The Giant Tortoise Restoration Initiative began a project of captive rearing in 1965 to restore endangered species in the islands. By 2017, the program returned more than 7,000 juvenile tortoises to their islands of origin – including Española, Isabela, Pinzón, San Cristóbal, Santa Cruz, and Santiago. In May 2010, 39 hybrid adult tortoises Divers, Rivera and Flanagan sterilized in 2009 were released onto Pinta Island to help with vegetation management following the eradication of non-native goats. They paved the way for later release of a breeding population of tortoises by controlling vegetation previously managed by the goats.

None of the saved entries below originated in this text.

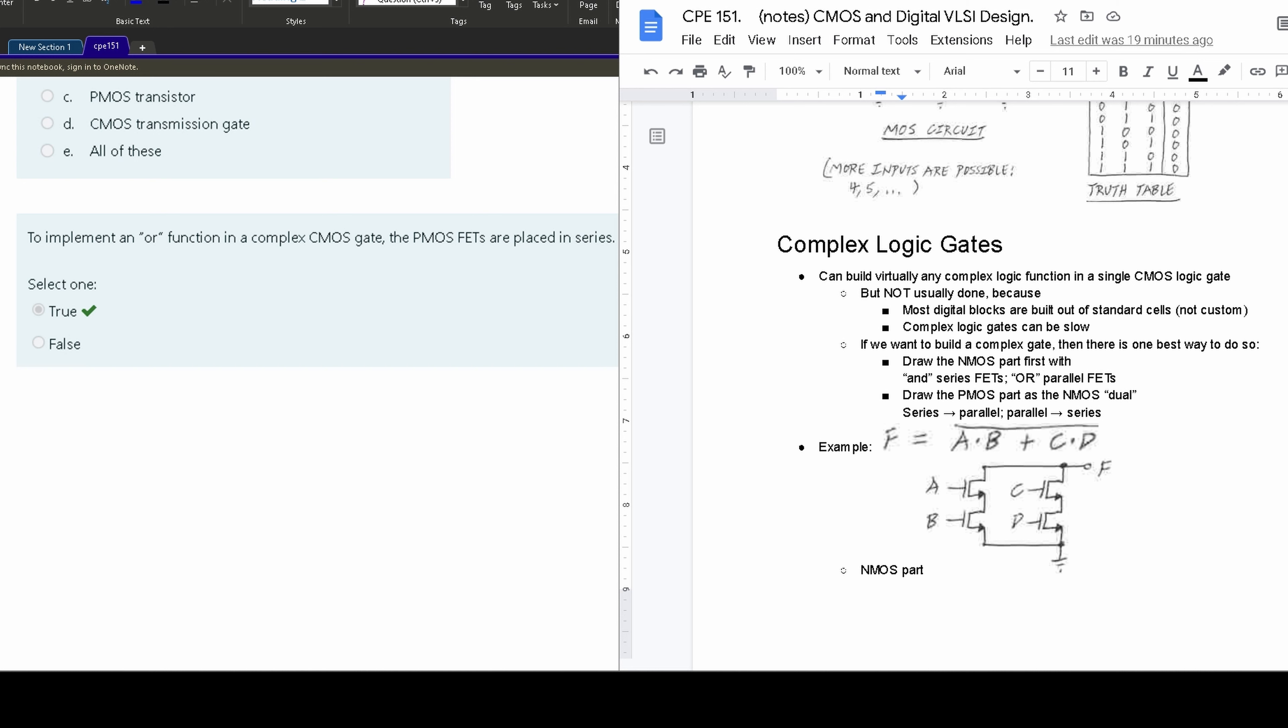And if we want it in series, it's going to be an OR. So it's a little bit confusing, but we know that NMOS is this right here: AND series, OR parallel, and PMOS is just going to be that backwards. So AND parallel, and then OR is series.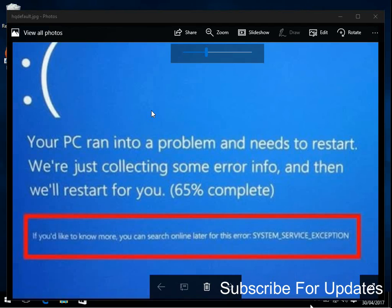In my experience, this blue screen of death appears because there's an issue with one of two things. Either there's a corrupt file on your operating system or there's some sort of issue with one of your drivers on your system.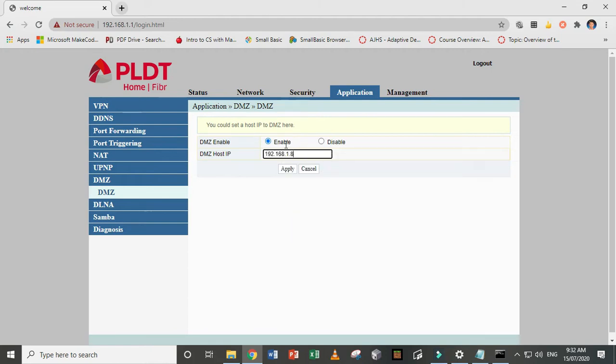Now in case you restart your computer and then it changes to another port, you have to do this all over again. So click apply.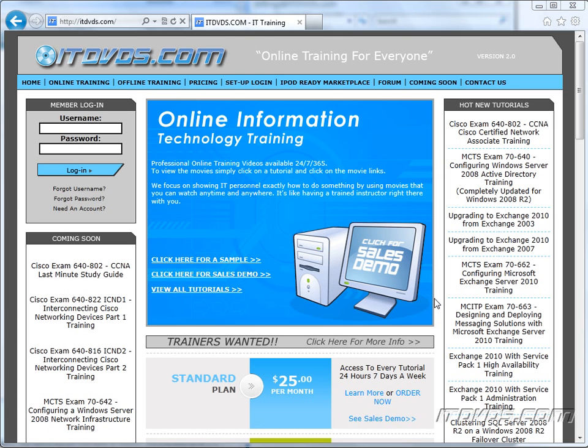Welcome to the ITDVDs.com YouTube channel. This is just a sample of the training available at ITDVDs.com. If you would like to see complete training, please go to ITDVDs.com. Now let's begin the sample.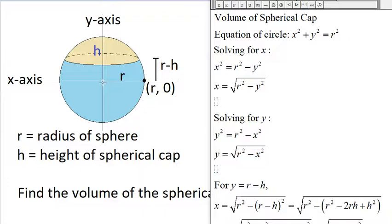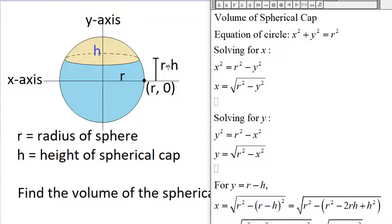The radius of the sphere is r, and therefore the distance from the center to the base of the cap will be r minus h. So the distance from the center to the base is r minus h. This point on the sphere will be (r, 0), and the y-coordinate of the base of the cap is r minus h.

The tortoises Divers and his team operated on were, to put it plainly, mutts. But they were carefully screened prior to sterilization to ensure that they were not made of stock valuable to efforts to replenish imperiled tortoise species.
“There is some disagreement as to whether animals from different islands are subspecies of the same species or if they’re genuinely different species,” said Trumpp, who will do her third year of residency at Zoo Atlanta. “While the different species or subspecies from different islands can interbreed and produce offspring there’s some evidence to suggest they may overall be less fertile and might be less robust and might not do as well and that’s why they don’t want those animals reproducing.”